When I was a child, I thought of my mother’s sister Mary as the Dowager Empress of the World. She was tall and stately and would sit on her chair like a queen on a throne, her adoring daughters dancing attendance on her as if she thoroughly deserved it. In truth, she probably did, as I remember her best for her marvelous laughter. Oh! I have slipped the surly bonds of earth, says the poem, and danced the skies on laughter-silvered wings.*
She had an outsized, robust approach to life that somehow managed to combine outrageous wit and grace with merriment, and she, unlike my mother, knew about sex and heartily approved of it. My mother disapproved of Mary altogether, which amused her sister no end and prompted her to say outrageous things she knew would get my mother’s goat. But there was history between them and an oddball twist of fate that neither of them could alter.
The tale of the Christening that changed their destinies was, like all tales of my mother’s family, a lollapalooza. My grandfather it seemed, had declared that his first-born daughter should be named Catherine, after his beloved and long-lost mother. But in those times, it wasn’t customary for a father to attend the Christening of his child, so he entrusted the task of naming to Aunt Marie Antoinette, a mystic of some talent whose psychic specialty was her ability to speak with the dead, but only after they’d tapped on the wall three times to wake her up for a rousing midnight chat.
Aunt Marie Antoinette, believe it or not, didn’t care for my grandfather, and didn’t give a tinker’s dam what he wanted to name the baby, when everyone Catholic knew a first born girl-child was supposed to be Christened Mary. So, “yes, yes I know she must be named after your sainted mother, Thomas,” she said to him, as she left the house with the babe secure on her breast like a great brooch, and her intent to do as she pleased equally well placed in her heart, where Mary, the Mother of God would be happy to see it.
She performed her godmothering task to perfection, not forgetting to have the priest read the gospel of St. John over the newborn to stave off convulsions, as every good Irish Catholic knows is necessary, and when the priest asked portentously what name have you chosen for this child? She answered Mary with absolute conviction.
I’m told my Grandfather’s rage could have cleared Cleveland when he found he’d been thwarted by an 87 pound wisp with direct ties to the Virgin, and the temerity to shout him down. I’m told he beat my grandmother soundly to punish her for her sister’s treachery, but Aunt Marie Antoinette said she’d pray for his soul and ask God to forgive him his bad temper.
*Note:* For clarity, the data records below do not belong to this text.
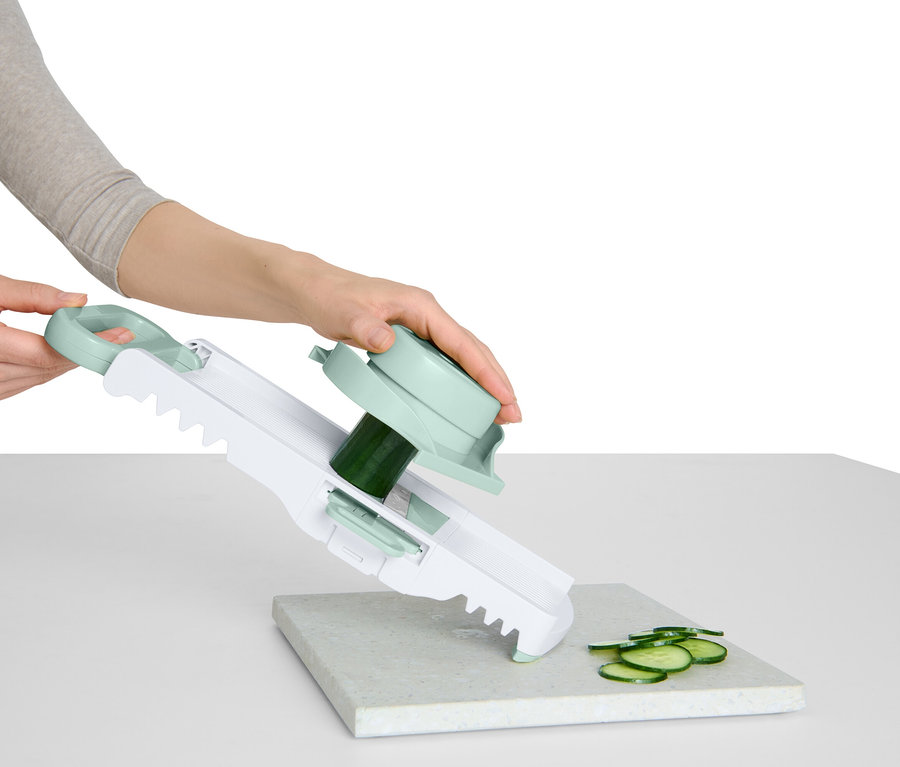 Kobieta kroi ogórek za pomocą krajalnicy do warzyw z uchwytem i obrotową przystawką.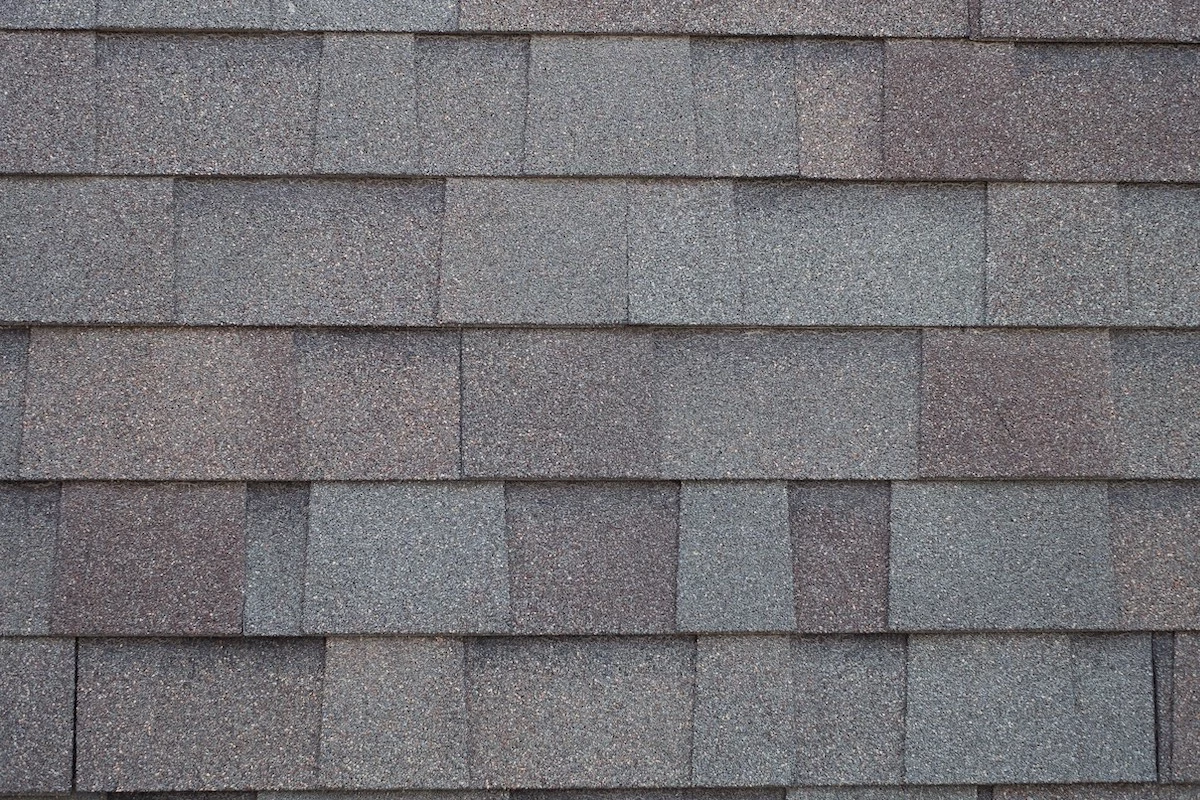 A close-up view of a roof covered with asphalt shingles highlights the meticulous work typical of a Houston roof replacement. The shingles are arranged in a staggered pattern, displaying various shades of gray and brown. The texture is rough, with a distinct granular appearance.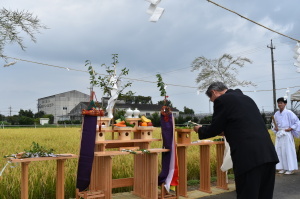 黄金色に稲穂が実った田んぼの前に、祭壇が設けられ、スーツ姿の男性が祭壇前で、頭を下げており、神事が行われている様子の写真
Thus, when a second girl-child appeared a year later, the precious Catherine name was still up for grabs. This time Thomas marched to the Church himself to avoid foul play and had my mother christened Catherine, after his beloved mother.
“He hated me for it, of course,” my mother explained to me sonorously, when I, yet another Catherine, was told the story. “You see he wanted the most beautiful child to be the Catherine. Instead, due to Aunt Marie’s trickery, I, the ugly duckling, was the one who inherited the name. He never forgave me for it,” she said with perfect Irish logic. Thus, I believe, my mother’s relationship with her sister Mary was sealed in stone from the cradle onward.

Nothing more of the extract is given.